Die Weisung des Beklagten betraf daher ein für die prozessentscheidende Frage, ob der Arzt den Beklagten im Bereich der Halswirbelsäule chiropraktisch behandelt hat, wesentliches Beweismittel. Der Kläger kann sich keinesfalls darauf berufen, dass ihm der Rechtsvertreter des Arztes mitgeteilt hatte, es gebe keine Patientendokumentation. Abgesehen davon, dass damit eine Verletzung der Dokumentationspflicht behauptet wurde, die im Verfahren geltend zu machen gewesen wäre, hätte der Kläger die Vorlage jedenfalls nach der Aussage des Arztes, jede Behandlung sorgfältig zu dokumentieren, beantragen müssen. Ein die Interessen seines Mandaten wahrnehmender Rechtsanwalt hätte in diesem Zusammenhang auch darauf hingewiesen, dass der Rechtsvertreter des Arztes eine Herausgabe der Patientendokumentation mit der Behauptung abgelehnt hatte, dass es keine Dokumentation gebe.

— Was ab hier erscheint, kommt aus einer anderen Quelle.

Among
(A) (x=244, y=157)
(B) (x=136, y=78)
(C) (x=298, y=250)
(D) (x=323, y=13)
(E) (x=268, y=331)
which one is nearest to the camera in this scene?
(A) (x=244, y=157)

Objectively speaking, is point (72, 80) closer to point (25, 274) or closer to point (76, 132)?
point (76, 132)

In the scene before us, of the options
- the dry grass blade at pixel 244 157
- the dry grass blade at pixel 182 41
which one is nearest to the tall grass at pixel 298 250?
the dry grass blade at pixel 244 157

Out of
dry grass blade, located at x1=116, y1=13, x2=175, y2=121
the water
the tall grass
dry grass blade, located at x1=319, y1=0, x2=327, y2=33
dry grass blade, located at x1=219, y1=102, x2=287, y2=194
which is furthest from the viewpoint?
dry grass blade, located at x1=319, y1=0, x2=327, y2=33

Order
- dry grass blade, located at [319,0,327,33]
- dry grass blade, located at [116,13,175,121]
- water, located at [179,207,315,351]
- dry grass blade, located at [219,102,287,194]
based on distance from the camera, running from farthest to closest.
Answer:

Das weisungswidrige Handeln des Klägers betraf damit die prozessentscheidende Frage, ob der Arzt den Beklagten im Bereich der Halswirbelsäule chiropraktisch behandelt hat. Es war geeignet, den Prozessausgang entscheidend zu beeinflussen, weil die Aufzeichnungen des Arztes über die Behandlung das einzige Beweismittel sind, das neben den widersprüchlichen Aussagen von Arzt und Patient über die strittige Behandlung existiert. Der Kläger hat es damit entgegen der ihm erteilten Weisung unterlassen, die Vorlage des für den Prozessausgang wesentlichen Beweismittels zu beantragen. Bereits damit steht die einer Nichterfüllung gleichkommende Schlechterfüllung des Anwaltsvertrags fest. Es wäre daher Sache des Klägers gewesen, zu behaupten und zu beweisen, dass sein weisungswidriges Handeln den Prozesserfolg dennoch nicht nachteilig beeinflusst habe. Diesen Beweis hat der Kläger nicht erbracht; das Erstgericht hat insoweit eine Negativfeststellung getroffen.

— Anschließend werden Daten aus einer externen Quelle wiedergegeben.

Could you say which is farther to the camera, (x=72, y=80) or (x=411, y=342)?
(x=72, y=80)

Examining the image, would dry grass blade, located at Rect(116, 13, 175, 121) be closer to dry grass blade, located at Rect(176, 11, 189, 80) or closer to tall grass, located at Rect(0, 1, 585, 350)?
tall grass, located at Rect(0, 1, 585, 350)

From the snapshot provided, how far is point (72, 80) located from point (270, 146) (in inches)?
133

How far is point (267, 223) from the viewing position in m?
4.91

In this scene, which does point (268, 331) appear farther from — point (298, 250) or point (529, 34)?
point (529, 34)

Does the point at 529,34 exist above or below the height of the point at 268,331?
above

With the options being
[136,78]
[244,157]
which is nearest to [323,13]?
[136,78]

Steht nicht fest, dass das weisungswidrige Handeln des Klägers unschädlich war, so kann er für seine damit wertlose Vertretungstätigkeit kein Honorar verlangen.

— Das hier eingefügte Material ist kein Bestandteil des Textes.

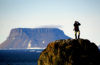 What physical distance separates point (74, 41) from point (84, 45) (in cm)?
102

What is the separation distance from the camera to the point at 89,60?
25781 millimetres

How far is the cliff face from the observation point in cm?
2567

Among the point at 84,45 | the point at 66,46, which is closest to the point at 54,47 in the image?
the point at 66,46

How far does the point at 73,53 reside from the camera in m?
25.9

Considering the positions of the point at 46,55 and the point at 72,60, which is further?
the point at 46,55

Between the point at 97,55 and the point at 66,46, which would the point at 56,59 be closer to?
the point at 66,46

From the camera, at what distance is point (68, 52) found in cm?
2603

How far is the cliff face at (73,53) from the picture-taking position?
84.2ft

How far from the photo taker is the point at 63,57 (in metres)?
25.9

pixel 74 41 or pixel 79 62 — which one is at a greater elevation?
pixel 74 41

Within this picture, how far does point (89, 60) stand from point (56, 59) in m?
3.05

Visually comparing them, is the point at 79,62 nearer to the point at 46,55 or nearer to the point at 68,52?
the point at 68,52

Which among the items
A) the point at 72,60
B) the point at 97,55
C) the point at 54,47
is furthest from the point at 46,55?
the point at 97,55

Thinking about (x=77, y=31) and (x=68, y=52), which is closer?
(x=68, y=52)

In der Klageforderung sind neben dem Honorar auch Barauslagen von 27.040 S enthalten. Das Rechtsmittel des Klägers enthält zur Abweisung des Begehrens auf Aufwandsersatz keine Ausführungen, so dass die Entscheidung insoweit der Überprüfung entzogen ist (EvBl 1985/154 uva).

Der Revision war Folge zu geben.

Die Kostenentscheidung beruht auf §§ 41, 50 ZPO.